組手の途中だったが、医務室に行かなくてはならないなら仕方がない。
「あれー?組手は終わったのか?てか、ハーネスはどうしの?」
チィーが欠伸をしながら歩いてきた。
どうせ今頃まで寝ていたのだろう。
「ハーネスは猿門さんと一緒に医務室に行ったぞ。」
「どうせ今まで寝ていたのでしょう、このクズ。」
「なんか手厳しい!」
ウパがげしげしとチィーの脛に蹴りを入れ始める。
「ちょ、痛いってウパさん!」
「ところで...さっきはどうでしたか?リャン。」
「無視!?」
チィーを無視して、私の方を向きたずねてくるウパ。さっきとは、きっとハーネスと組手をした感想を聞きたいのだろう。
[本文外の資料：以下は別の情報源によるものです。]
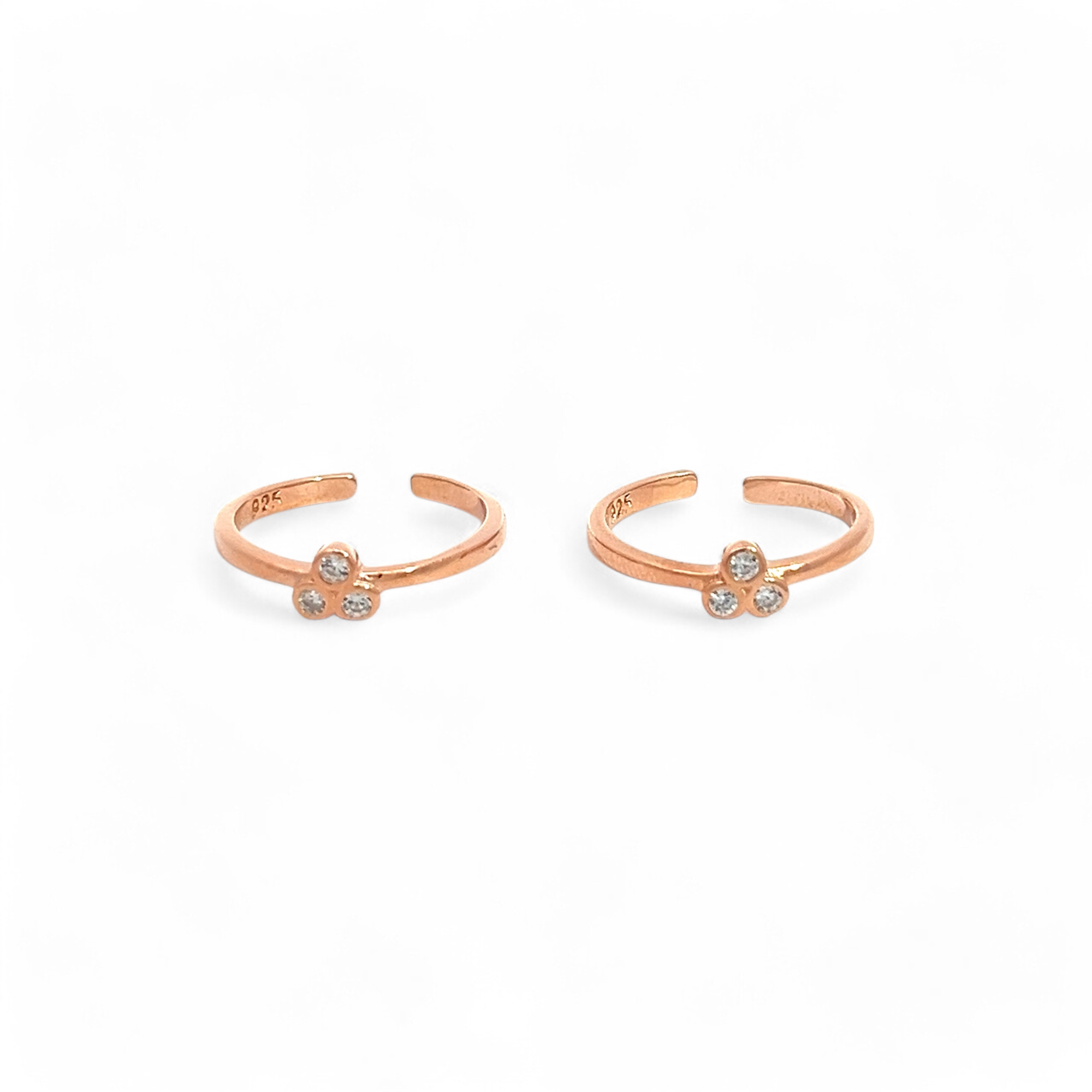 PurpleLuck Kriti 925 Silver Toe Rings in Rose Gold plating. Luxury Indian traditional wear for women. Perfect gift for Wife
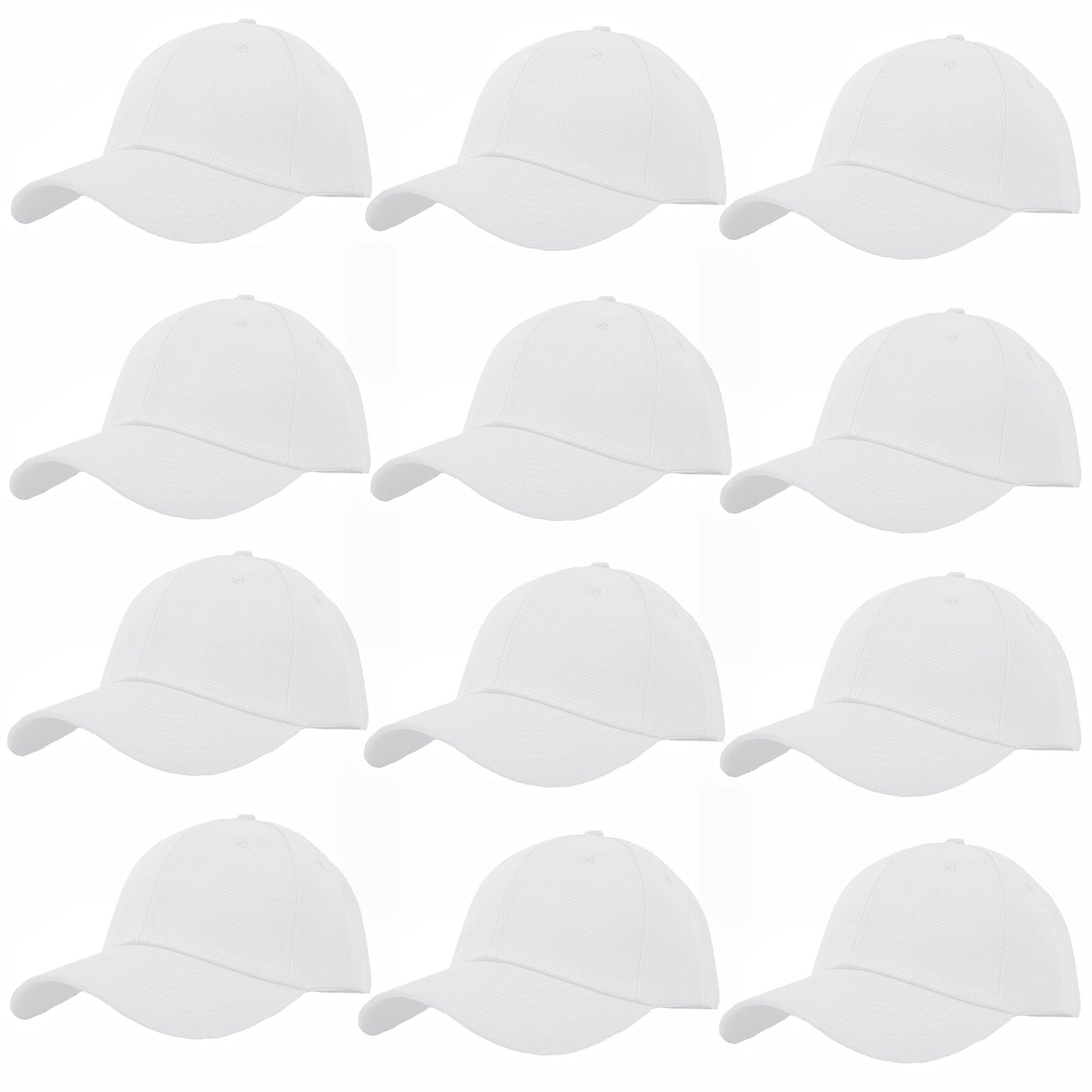 12-Pack Plain Baseball Cap Adjustable Solid Blank Curved Sun Visor Hat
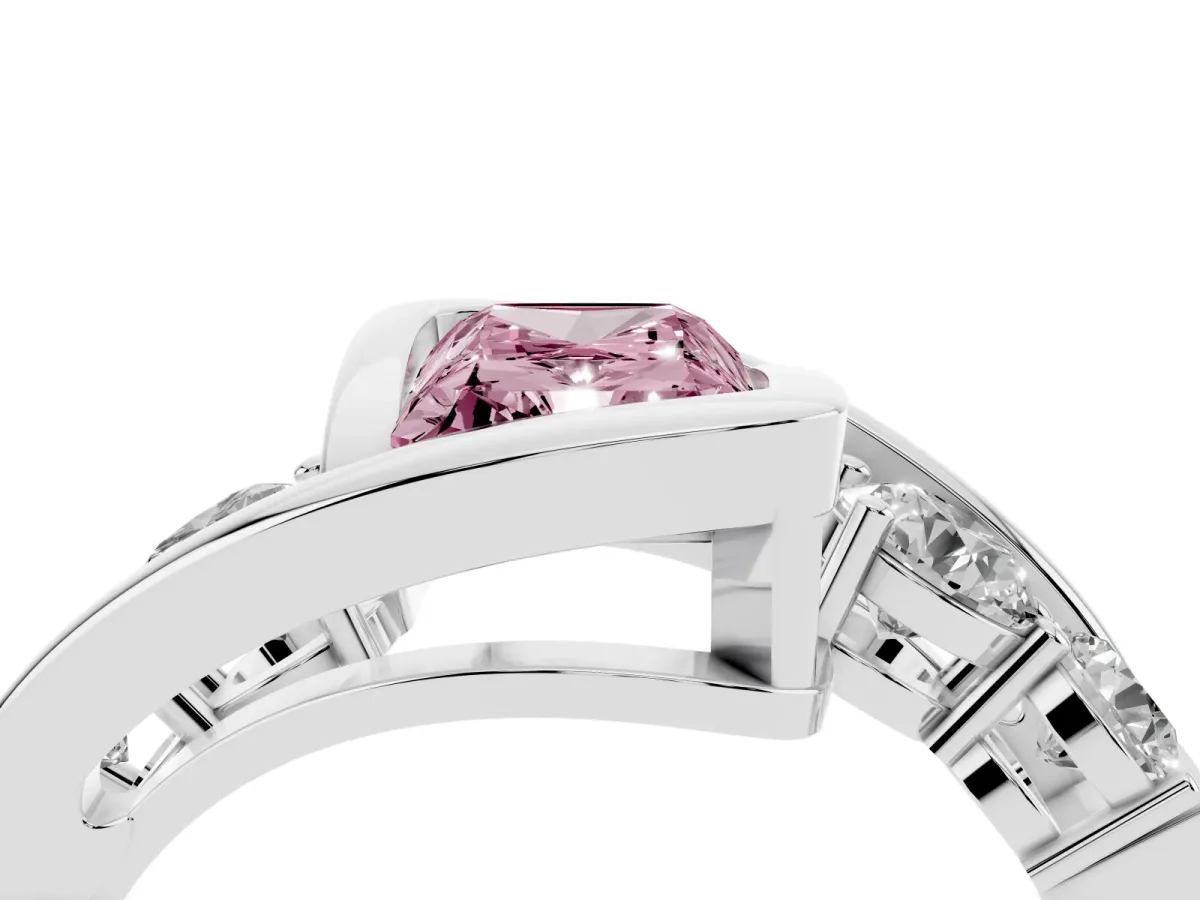 Fancy Pink Bezel Set Radiant Cut Diamond Bypass Ring with Round Accents Silver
「そうだな...見た目よりも、力も速さもあったと思う。途中で終わってしまったが、それなりに楽しめたぞ。」
こんなことを言ったら失礼だが、ハーネスは男にしてはかなり細い。まぁ...最初は皆女と勘違いしたくらいだ...。だが、そこからは想像し難かったが、それなりに強いようだ。
「次はもっとしっかりと戦ってみたいものだ。」
「そうですか...。僕も見ていましたが、意外と強かったですね。」
「僕も戦いたかったです。」と一言付け加える。寝ていたため見ていなかったチィーは、「ふーん...。」と興味があるのか無いのかよくわからない態度で話を聞いていた。
「ただ...。」
「どうした?」
「何か...違和感はありました。」
「......お前もそう思うか。」
ウパもどうやら同じようなことを感じていたらしい。
「確かにハーネスは動きもよかったし、速さも力もあったが...どこか動きに違和感を感じたな...。途中からかなり息も上がっていたようだしな...。」
なんというか...実力を出し切れていないようにも見えた...。
「猿門さんも同じようなことを言っていました。」
「...そうか。」
「...もしかしたら...何かあるのでしょうか...?今も、医務室に呼ばれていたようですし...。」
ウパは手を顎に当てて首を傾げた。
そうかもしれない...。もしかしたら、何か病気でも持っている可能性もある...。
「少し...彼には気をつけてやらないといけないかもな...。」
私の呟きに、ウパとチィーは頷いた。